FOR THE RURAL MAGAZINE.

Letters of a Citizen to his Friends in the Country.

No 1.

The establishment of a periodical work, designed in part for circulation among my agricultural fellow citizens, furnishes an opportunity which I have often desired, to address you. In contemplating the dignity and utility which are combined in the occupations of an American husbandman, in estimating the extent of influence which belongs to his character, and regarding his elevated independence, I have long since been led to the conclusion, that the Farmers of the soil form the basis of the nation's strength, and ought largely to contribute to its ornament.

In the occasional communications which I propose to make to you through this medium, I shall adopt a plain, familiar, and candid manner; and endeavour to point not only at those errors which certainly exist, but also attempt to suggest how they can be most effectually removed.

"What!" methinks I hear some hardy son of the field exclaim—"who is this that promises to improve our mode of farming?" A Citizen, forsooth. Now let us at the threshold understand each other. I do not intend to meddle much, if at all, with your system of agriculture, though I conceive it quite possible for a man who has been born and educated in a city, to furnish important hints for the improvement of rural affairs. My purpose is to interest your attention with subjects which may tend to enlarge and elevate your minds. It is a lamentable fact, that too little regard is paid to intellectual cultivation, among those who till the earth.

A well managed farm, supplied with substantial buildings, and under good fence, is creditable to its possessor, and forms a part of the public wealth.
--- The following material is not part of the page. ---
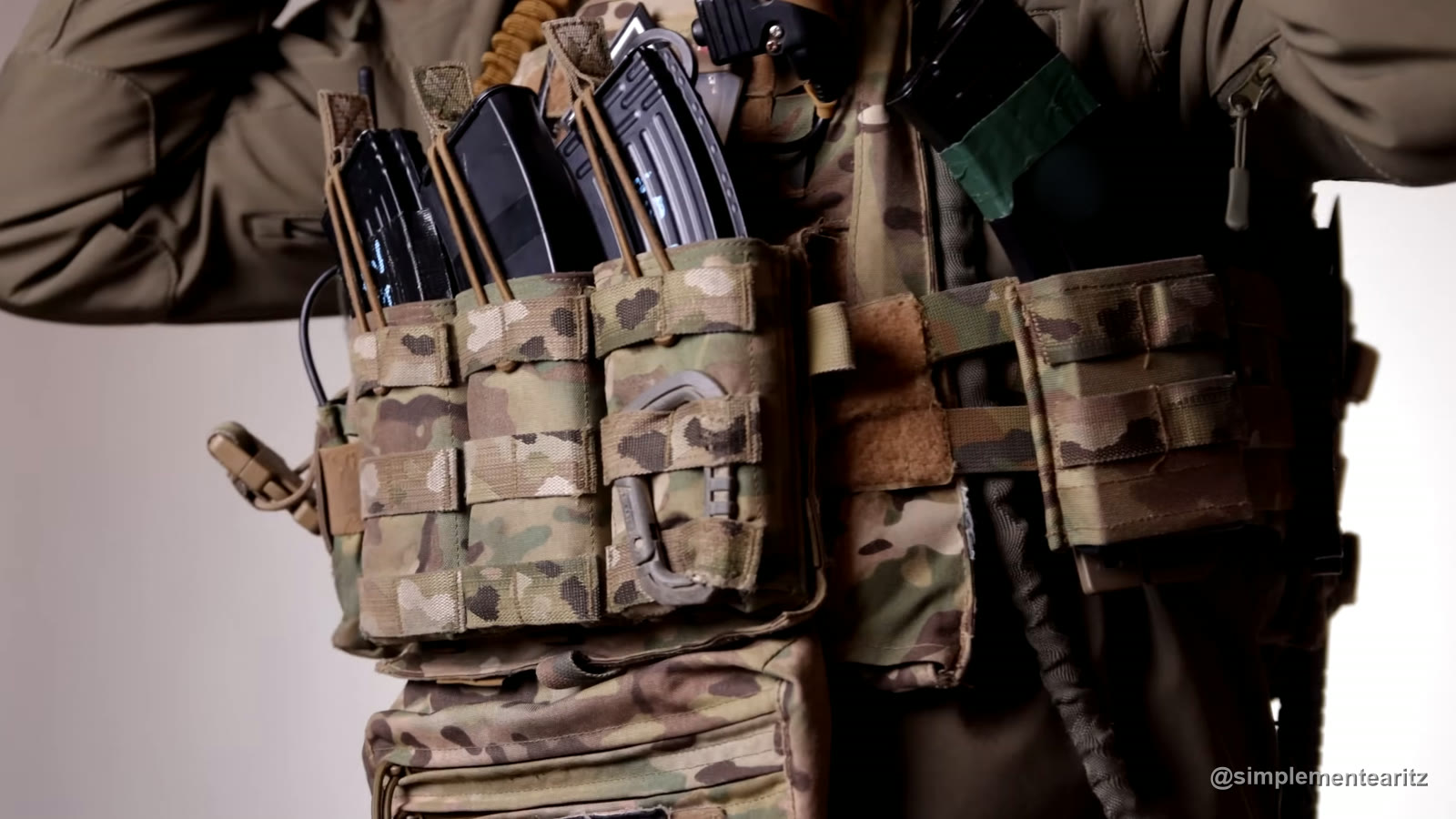 Frontal de un portaplacas puesto sobre una chaqueta marrón verdosa: tres portacargadores abiertos de Warrior Assault Systems en MultiCam con cargadores de AK y un mosquetón, a la derecha el cummerbund del CVS de Conquer, en camuflaje tipo MultiCam, y debajo el bolsillo subabdominal (drop pouch)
Every individual who thus improves his land, not only enriches himself, but should be considered as a benefactor of the commonwealth. Here, unhappily, the energies of the farmer are limited. This is a radical error. With the pecuniary means which his industry has accumulated, he should increase his own intelligence, and confer upon his children the benefits of substantial education. I do not admit as truth, what is frequently asserted, that the best examples of morality and virtue are to be met with in the country; for whereever the improvement of the mind is neglected, those ennobling qualities will be rarely found. It is idle to suppose that our intellectual capacities will yield fruits which dignify and adorn our nature, if they be solely devoted to increase our worldly possessions. The plough turns up from the soil no nourishment for the mind, neither do the scythe and sickle prostrate the vices of the heart.